I always encounter the most interesting people on public transportation, and today was no let down. We were trying to figure out how to get to Old Town, so we asked this man which stop we need to get off at. During our conversations, we happened to see a woman getting hand cuffed, so this man told us how he thinks the police in California are corrupt. He then told us, in Arizona, even today, someone can be pulled over for being Mexican, and they're trying to pass the same law in California. How ridiculous, this is the 21st Century. This is where a young father of three sitting behind us jumped in, and stated how that's never going to happen, and he pointed out that 80-85% of California's population are Mexican. To add to our list of interesting people on the trolley, a man walked on the trolley holding a pizza box, and he was a little on the large size. He sat down beside a very fit looking man about the same age, and for the next 20 minutes, the larger fellow was lecturing about how McDonald's and processed foods are terrible for your body, and how he tries to avoid fast food; all this while he's holding a pizza box, and the other man's drinking a bottle of water.
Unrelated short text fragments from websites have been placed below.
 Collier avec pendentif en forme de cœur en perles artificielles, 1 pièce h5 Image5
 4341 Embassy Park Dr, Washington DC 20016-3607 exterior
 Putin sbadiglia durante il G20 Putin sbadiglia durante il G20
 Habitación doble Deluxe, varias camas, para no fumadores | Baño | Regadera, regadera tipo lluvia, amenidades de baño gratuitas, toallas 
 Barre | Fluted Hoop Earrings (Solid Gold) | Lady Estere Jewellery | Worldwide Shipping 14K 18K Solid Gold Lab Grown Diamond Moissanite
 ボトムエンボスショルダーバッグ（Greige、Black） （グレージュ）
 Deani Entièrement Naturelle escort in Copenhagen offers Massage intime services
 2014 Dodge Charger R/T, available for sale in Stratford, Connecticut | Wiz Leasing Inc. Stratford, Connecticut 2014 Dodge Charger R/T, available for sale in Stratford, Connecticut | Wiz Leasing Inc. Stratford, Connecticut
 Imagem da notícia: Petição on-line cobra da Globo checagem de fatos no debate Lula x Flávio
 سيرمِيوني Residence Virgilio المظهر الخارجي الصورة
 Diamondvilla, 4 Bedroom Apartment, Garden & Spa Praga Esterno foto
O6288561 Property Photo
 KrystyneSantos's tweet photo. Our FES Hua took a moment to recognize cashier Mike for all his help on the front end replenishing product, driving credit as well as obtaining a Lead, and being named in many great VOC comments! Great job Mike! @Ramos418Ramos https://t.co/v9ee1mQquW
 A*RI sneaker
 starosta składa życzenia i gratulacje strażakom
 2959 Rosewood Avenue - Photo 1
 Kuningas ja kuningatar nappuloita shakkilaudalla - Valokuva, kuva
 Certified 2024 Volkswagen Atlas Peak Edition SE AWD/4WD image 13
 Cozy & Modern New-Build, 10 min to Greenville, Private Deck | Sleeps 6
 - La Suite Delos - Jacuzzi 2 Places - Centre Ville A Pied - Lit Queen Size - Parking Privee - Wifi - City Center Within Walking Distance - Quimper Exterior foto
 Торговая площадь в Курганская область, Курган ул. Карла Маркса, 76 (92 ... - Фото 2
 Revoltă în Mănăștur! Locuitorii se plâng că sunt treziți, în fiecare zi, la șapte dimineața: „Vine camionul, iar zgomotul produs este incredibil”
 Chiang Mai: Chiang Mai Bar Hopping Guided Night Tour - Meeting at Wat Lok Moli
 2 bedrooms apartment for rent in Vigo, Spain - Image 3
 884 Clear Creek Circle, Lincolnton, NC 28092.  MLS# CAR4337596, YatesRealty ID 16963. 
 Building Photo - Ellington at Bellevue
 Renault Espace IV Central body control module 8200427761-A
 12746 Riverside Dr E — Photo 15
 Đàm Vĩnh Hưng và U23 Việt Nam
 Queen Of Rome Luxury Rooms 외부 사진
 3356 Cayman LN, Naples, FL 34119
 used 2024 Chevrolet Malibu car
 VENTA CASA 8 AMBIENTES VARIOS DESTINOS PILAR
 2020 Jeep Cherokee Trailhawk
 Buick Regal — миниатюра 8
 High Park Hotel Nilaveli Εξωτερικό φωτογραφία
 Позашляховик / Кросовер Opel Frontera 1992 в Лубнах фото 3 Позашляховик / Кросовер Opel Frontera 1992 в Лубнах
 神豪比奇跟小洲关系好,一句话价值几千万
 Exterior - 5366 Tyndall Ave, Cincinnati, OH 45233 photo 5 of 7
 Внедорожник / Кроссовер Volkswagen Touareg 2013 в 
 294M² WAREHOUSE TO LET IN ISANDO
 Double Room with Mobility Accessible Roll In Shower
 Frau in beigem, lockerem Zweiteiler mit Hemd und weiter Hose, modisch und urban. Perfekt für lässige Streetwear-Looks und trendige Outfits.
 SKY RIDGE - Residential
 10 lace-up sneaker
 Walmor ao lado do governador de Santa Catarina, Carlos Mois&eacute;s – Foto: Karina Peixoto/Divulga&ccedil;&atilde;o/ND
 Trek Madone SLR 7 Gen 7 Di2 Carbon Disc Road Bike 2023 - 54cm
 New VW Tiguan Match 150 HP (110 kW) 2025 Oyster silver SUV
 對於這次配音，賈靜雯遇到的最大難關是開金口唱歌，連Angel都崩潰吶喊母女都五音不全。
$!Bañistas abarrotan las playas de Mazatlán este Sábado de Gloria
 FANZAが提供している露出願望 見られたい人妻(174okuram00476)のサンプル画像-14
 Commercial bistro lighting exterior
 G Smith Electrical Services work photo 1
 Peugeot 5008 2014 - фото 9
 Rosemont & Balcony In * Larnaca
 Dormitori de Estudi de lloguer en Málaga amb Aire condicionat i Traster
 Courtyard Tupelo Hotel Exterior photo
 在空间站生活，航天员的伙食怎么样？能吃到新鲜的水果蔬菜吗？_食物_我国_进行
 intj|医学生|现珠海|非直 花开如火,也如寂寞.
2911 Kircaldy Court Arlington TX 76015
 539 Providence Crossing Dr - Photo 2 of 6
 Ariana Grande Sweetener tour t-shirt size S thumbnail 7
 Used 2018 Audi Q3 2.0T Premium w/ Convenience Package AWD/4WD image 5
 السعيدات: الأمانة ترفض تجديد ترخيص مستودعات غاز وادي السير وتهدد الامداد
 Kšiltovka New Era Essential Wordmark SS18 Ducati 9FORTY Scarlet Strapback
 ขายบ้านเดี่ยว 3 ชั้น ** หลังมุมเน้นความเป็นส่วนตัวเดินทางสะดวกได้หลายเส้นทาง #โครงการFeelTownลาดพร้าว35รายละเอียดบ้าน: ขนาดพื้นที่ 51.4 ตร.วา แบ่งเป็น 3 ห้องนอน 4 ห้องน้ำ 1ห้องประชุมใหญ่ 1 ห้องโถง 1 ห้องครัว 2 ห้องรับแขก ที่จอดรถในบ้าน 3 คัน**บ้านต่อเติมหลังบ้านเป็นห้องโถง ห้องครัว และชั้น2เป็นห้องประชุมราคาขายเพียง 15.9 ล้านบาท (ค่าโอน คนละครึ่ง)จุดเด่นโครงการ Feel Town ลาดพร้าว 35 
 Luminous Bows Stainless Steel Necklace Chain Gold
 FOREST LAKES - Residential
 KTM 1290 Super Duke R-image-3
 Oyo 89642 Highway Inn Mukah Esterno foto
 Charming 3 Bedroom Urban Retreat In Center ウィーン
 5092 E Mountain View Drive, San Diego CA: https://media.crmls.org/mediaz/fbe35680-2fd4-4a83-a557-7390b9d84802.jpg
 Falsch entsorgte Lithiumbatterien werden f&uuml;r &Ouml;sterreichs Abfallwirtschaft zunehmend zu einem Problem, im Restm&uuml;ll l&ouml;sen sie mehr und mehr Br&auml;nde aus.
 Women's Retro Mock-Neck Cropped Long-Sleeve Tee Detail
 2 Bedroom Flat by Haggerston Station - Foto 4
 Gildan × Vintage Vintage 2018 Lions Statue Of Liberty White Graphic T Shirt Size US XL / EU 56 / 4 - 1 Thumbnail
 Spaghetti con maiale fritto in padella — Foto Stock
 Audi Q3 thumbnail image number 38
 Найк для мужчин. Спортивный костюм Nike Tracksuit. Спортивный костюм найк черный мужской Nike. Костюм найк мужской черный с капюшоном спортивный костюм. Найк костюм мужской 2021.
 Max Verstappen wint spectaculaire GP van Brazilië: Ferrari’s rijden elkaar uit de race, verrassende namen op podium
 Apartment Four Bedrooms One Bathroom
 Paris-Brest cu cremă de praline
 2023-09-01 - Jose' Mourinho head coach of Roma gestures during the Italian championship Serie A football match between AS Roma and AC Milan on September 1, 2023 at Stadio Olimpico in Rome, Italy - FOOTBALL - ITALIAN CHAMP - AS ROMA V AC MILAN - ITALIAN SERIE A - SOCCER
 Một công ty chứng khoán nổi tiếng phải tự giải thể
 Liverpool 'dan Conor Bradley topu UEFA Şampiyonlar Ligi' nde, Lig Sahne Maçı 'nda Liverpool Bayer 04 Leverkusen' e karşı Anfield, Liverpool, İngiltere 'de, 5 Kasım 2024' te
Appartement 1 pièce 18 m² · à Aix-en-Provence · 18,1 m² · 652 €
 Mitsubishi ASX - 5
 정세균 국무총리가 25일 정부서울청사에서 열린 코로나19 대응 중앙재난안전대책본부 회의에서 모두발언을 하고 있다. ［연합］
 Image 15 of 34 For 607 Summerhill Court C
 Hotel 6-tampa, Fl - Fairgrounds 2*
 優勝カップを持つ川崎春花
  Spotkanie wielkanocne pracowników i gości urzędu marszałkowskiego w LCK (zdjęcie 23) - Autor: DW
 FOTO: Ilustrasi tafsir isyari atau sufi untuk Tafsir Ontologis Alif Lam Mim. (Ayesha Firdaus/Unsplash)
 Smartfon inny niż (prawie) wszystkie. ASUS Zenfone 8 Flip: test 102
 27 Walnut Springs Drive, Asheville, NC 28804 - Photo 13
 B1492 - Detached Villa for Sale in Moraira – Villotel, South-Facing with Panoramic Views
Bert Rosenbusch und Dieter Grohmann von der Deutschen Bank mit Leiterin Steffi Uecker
Slightly ironic.

Then, just as I thought things couldn't get any more interesting, a transit security guard walked down the isle asking for peoples' passes. The lady across from me pulls out her transit pass and the security man takes a look at it, and begins to walk away. The lady then called back at him, "what if my pass is expired?" He turns around and asks says he'll get his partner security guard to check it, since he didn't have a scanner. She then begins to call him inappropriate names and says how she's going to sue him, and how he was putting words in her mouth. Confused? I was too.


This is the oldest still "sail-able" sailboat in the United States. . It now acts as a museum, but it is rented out for private dinner parties for a small price of $10,000 per night.

Thursday, May 20, 2010

The Beginning

Tonight I'm in San Diego. It's a brand new city, full of exciting discoveries.



As my mom and I sat on the patio of a pub-style restaurant, we discussed the cultural differences between here and Vancouver, the two cities are quite similar yet have their own unique characteristics. We noticed the fashion is almost identical, the climate's are not that different and the people and the mannerisms are quite alike too. (It's much hotter down here, but they're both located on the west coast.) I can definitely notice the "southern accents" though. And you don't find too many palm trees in Vancouver. I don't know if we just haven't ventured into the right areas yet, but I have barely seen any homeless down here, much less than Vancouver for sure. It's a very good thing, but you'd think they'd rather be here than up north where the weather's colder. My mom thought she noticed many more smokers here than in Vancouver, but I think I disagree.



Where we ate tonight was in the area of town called Gaslamp Quarter, much like our Gas Town, with nice old restaurants and fancy little shops. You can tell we're down south though by the number of Mexican restaurants.



The very first thing I loved about this city, was that the airport is literally right in the city. As we were landing, I was hoping our plane wings weren't going to crash into the sky rises.